Partant du principe acquis que le face à face pédagogique en cours magistral ne doit plus être le seul vecteur de transmission de la connaissance, quel accompagnement pédagogique peut-on mettre en place – sans création de postes supplémentaires – pour favoriser la réussite des étudiants en L1, enjeu majeur pour l’université ? Une volonté politique forte en matière de pédagogie active et un partenaire convaincu- la BU – ont permis de repenser la pédagogie en appui sur les ressources du Learning centre pour atteindre ces objectifs. Il s’agit de voir la BU non plus seulement comme un stock de livres mais comme un acteur pédagogique à part entière et de trouver les interactions permettant de mobiliser les ateliers ou les savoir faire de la BU au cœur des enseignements, des projets, au moment où le besoin survient.
Les FabLab, plus qu’un outil, participent de cet état d’esprit consistant à favoriser la capacité à réaliser des projets, à « être dans le faire ». Il s’agit de créer des lieux où l’on peut facilement se réunir, faire incuber des projets, expérimenter, produire ; des lieux où se croisent des acteurs en provenance d’environnements différents. Pour placer cette initiative au centre du campus, l’utilisation du Learning centre s’est imposée. Le lieu importe peu finalement, c’est son accessibilité qui compte. La volonté est de remettre au cœur de l’université l’échange entre pairs et la pratique au service du projet d’établissement. A Versailles, cette dynamique a pris la forme de cinq ateliers ciblés sur des thématiques scientifiques développées par l’UFR des Sciences. Le choix de ces thématiques a pris en compte la capacité à mobiliser les enseignants dans l’accompagnement pédagogique, la mutualisation d’équipements de recherche utilisés irrégulièrement dans les laboratoires, la présence d’experts référents sur ces thèmes (un enseignant et un technicien par atelier).

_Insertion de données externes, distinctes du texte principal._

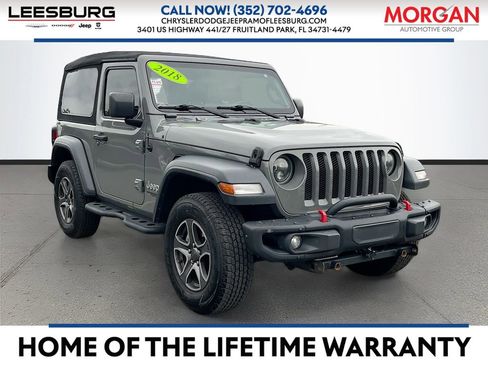 Certified 2018 Jeep Wrangler Sport AWD/4WD image 1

Les MOOCs, en français les CLOMs, modules numériques d’accompagnement pédagogique, visent à étendre l’effort et la pédagogie vers le tutorat. La bibliothèque y contribue par l’indexation des MOOC dans le catalogue, l’enrichissement des contenus (bibliographies, ressources documentaires) et l’accueil privilégié à la BU dans les espaces de travail en groupe et de tutorat.

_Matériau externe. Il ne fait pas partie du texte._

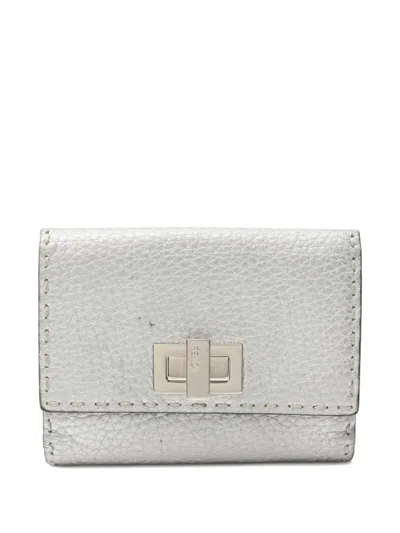 Pre-owned Fendi 2000s Peekaboo Selleria Wallet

Une prochaine étape verra la réalisation – avec l’aide du Centre d’innovation pédagogique – de modules introductifs (parties de cours scénarisées) et la mise en place d’incitations des enseignants à entrer dans le dispositif par des aménagements du temps de service.

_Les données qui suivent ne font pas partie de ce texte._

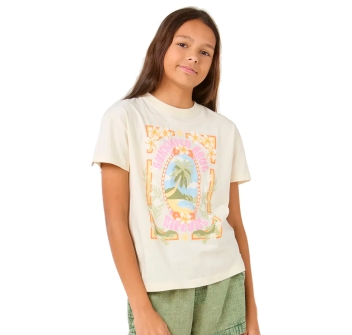 RIP CURL ISLAND BLISS ART TEE GIRL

Dans le prolongement de cette présentation, Elisabeth Dufour-Jergam, directrice déléguée à la formation à l’Université Paris-Saclay a conclu la matinée en rappelant que la question des MOOC est importante pour tous les établissements, et utile notamment pour la formation tout au long de la vie. A titre d’exemple, l’Université Paris-Saclay multiplie les appels à projets destinés développer et promouvoir la mutualisation, les partenariats dans le cadre de ce type de dispositifs.
Un bref échange avec l’assistance a permis de souligner la nécessité pour l’université de trouver un modèle économique pour les MOOC mais aussi – dans un domaine où se positionnent déjà des acteurs académiques étrangers ou privés – de réfléchir très vite à la question de leur évaluation et de leur certification.
Des ateliers organisés l’après-midi dans la BU devaient permettre – dans les conditions du Learning centre – de poursuivre les travaux en dégageant quelques propositions, synthétisées par Marie-Dominique Heusse, conservateur général, Directrice du Service Interétablissement de Coopération Documentaire de l’Université de Toulouse lors d’une table ronde finale.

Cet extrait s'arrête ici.